Mauricio detalló que Viviana cumplía una rutina todos los días, la misma que ese martes se vio alterada y que ocasionó que se prendieran las alarmas. Según su relato, ella llegaba normalmente a su casa alrededor de las cinco de la tarde, máximo a las seis, luego de atender a los participantes de su proceso en un hospital cercano, de hecho, lo último que supo de ella fue que estaba en el hospital atendiendo a un paciente.
En estos últimos días su hermano menor de 15 años la estaba acompañando en su vivienda, por lo que cuando llegaron las siete de la noche, el joven decidió llamar a Mauricio para avisarle que algo debía estar pasando porque Viviana ni llegaba ni contestaba su celular.
En vista de la situación y temiendo lo peor decidieron hacia las nueve de la noche llamar a la Policía para reportar la situación. Al mismo tiempo Mauricio alistó de inmediato su viaje a Florencia para cerciorarse de que la búsqueda de su esposa fuera efectiva.  
A Mauricio le fue imposible llegar en la mañana a Florencia, el vuelo se retrasó.
Finalmente, a las dos de la tarde aterrizó en la capital caqueteña con la ilusión de encontrar y abrazar a su esposa. Pero una llamada por parte de un agente de la Policía acabó con sus ilusiones, Mauricio se derrumbó cuando su interlocutor le confirmó que habían encontrado a Viviana muerta.

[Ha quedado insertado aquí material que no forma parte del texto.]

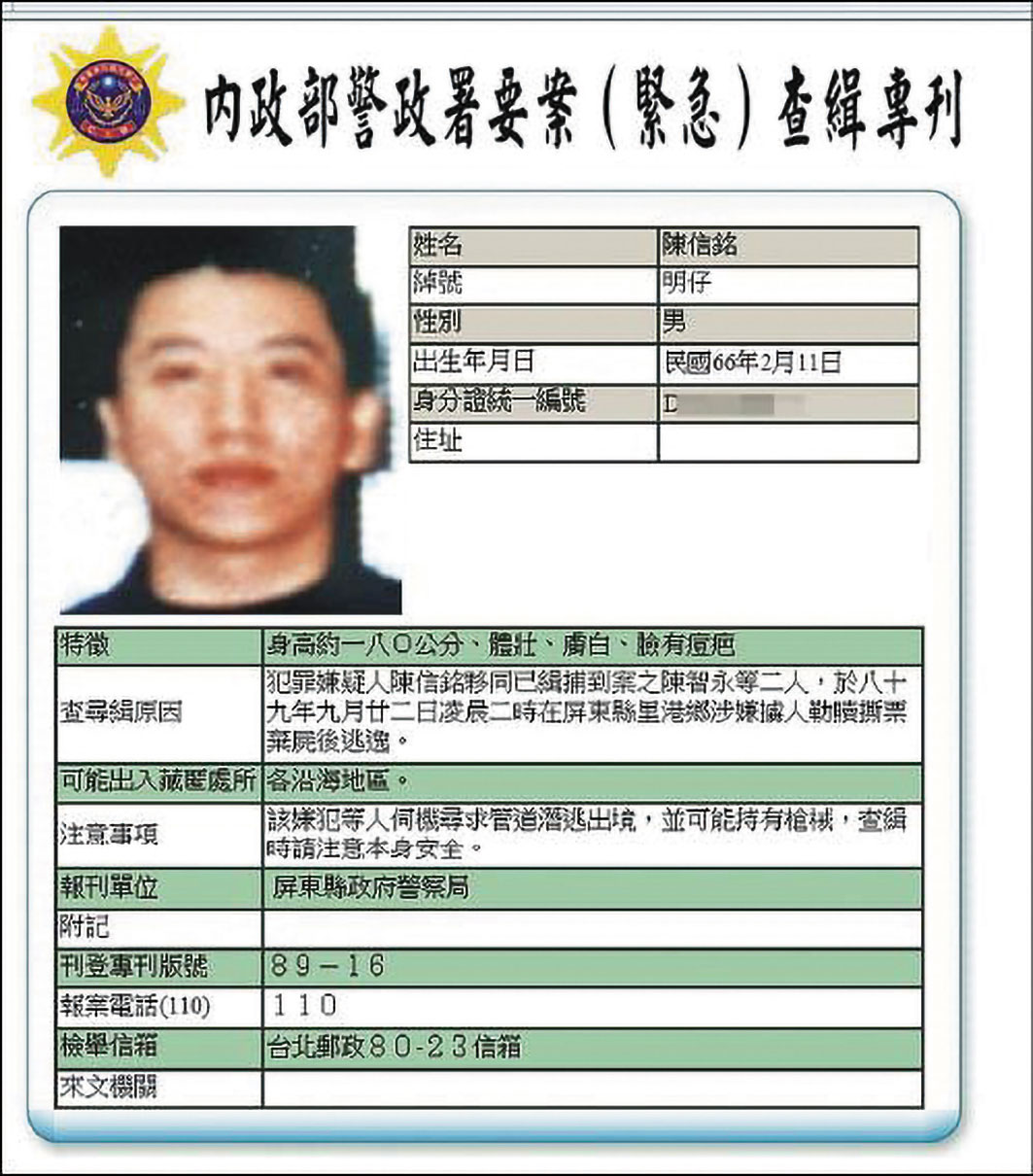 警方調出撕票案的查緝專刊，確認阿來就是躲了12年的主謀。（翻攝畫面）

“Ella tenía vocación social, de servicio, de construcción de paz”, contó Mauricio, quien agregó que desconoce si su esposa fue asesinada por causa de su trabajo, aunque aseguró que desde que ella había sido trasladada, en sus conversaciones siempre salía a relucir el hecho de que se encontraba en un lugar inseguro. “Era muy inseguro, muy caliente, incluso ella me decía que había unos participantes que eran terribles, muy malos y que le daba miedo atenderlos precisamente porque allá estaba sola”.
Viviana Muño Marín realizó sus estudios de psicología en la Universidad Cooperativa de Colombia sede Neiva.
Según su esposo Viviana no estaba tranquila en San Vicente del Caguán, temía que algo malo le podía suceder, sin embargo, esperó porque le habían anunciado que en los próximos días sería trasladada a Puerto Rico, Caquetá, una zona al parecer más tranquila. Mauricio no confirmó si el traslado de Viviana obedecía a problemas de seguridad, pero afirmó que su esposa trabaja sin garantías en ese lugar.
Apoyo en redes sociales
Ante el desespero de haber perdido a su esposa, Mauricio Quiroga envío varios mensajes destacando cuanto la amaba, repudiando el asesinato y pidiendo que se haga justicia y el crimen de su esposa no quede impune.
En varios mensajes le expresó sus sentimientos de amor y dejó entrever la soledad que va a sentir en esta Navidad porque Viviana no estará a su lado. Ante sus mensajes de desespero y tristeza, los internautas se volcaron a enviarle mensajes de apoyo y rechazo del crimen de su esposa.
Mauricio le confirmó al país el asesinato de su esposa la noche del miércoles con el siguiente trino: “#País de HIJUEPUTAS!! Asesinaron a mi esposa. Psicóloga de la ARN en San Vicente del Caguán @infopresidencia No es justo”, (sic) mensaje que acompañó con una fotografía en la que se le ve sonreír junto a la mujer.
En medio de la resignación Mauricio envió este mensaje por redes sociales exaltando la dedicación al trabajo que realizaba su esposa: “Viviana Muñoz Marín siempre fue una profesional integra, prudente y su vocación de servicio la impulsaba a participar en procesos de reconciliación y diálogo. Estuvimos distantes mucho tiempo. AMOR SIEMPRE TE EXTRAÑARÉ Y ME HARÁS FALTA. El sentimiento ETERNO” (sic).